Avec son profil de légende et la forte influence dans le monde de la techno que cela lui confère, Сarl Craig aurait pu se reposer sur ses lauriers. Bien au contraire, il se dépasse plus que jamais et déborde d’énergie creative. Il se produit régulièrement dans des boîtes de nuit et participe aux meilleurs festivals du monde entier avec des “DJ sets” et divers spectacles en direct. Depuis près de 30 ans, il dirige son propre label, Planet E Communications, dont le catalogue est depuis longtemps considéré comme la collection d’or des meilleures musiques techno.

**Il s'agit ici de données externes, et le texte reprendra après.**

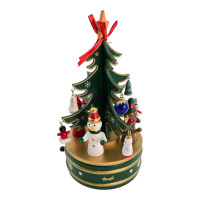 Wooden tabletop Christmas tree with hanging decorations (11 x 21 x 10.5 cm)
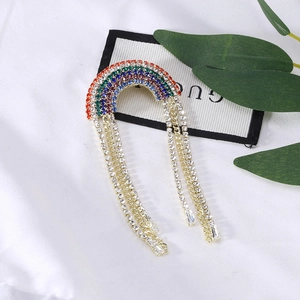 Chic rainbow tassel brooch with gradient rhinestones and hanging diamond chains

Nous avons eu la chance de parler avec Carl Craig de ses nouveaux projets passionnants, des influences musicales qui ont formé son style, de la scène techno de Détroit, de son activité sociale avec la gestion de sa propre fondation, de ses “DJ- sets” préférés ainsi que de nombreuses autres choses intéressantes.

Interview : Dmitry Tolkunov

Salut Carl! On adorerait savoir ce que vous avez fait récemment en matière de production musicale – quelques nouveautés, remixes, collaborations intéressantes?

Salut! Je travaille sur un nouveau projet avec mon partenaire de longue date, Moritz von Oswald, et nous en avons presque fini. Il y a aussi un nouvel album de Kenny Larkin pour lequel j’ai fait un remix et j’ai travaillé avec Seth Troxler pour son projet Lost Soul of Saturn. De plus, je continue à faire la série de compilations “Detroit Love”, et nous venons de sortir le disque de Stacey Pullen dans ce concept. Beaucoup de sorties sont encore à venir!

Je continue de faire la série de compilations “Detroit Love

Il semble que votre label Planet E Communications approche d’une date anniversaire impressionnante – il aura 30 ans dans quelques années. Avez-vous des projets pour célébrer cette date?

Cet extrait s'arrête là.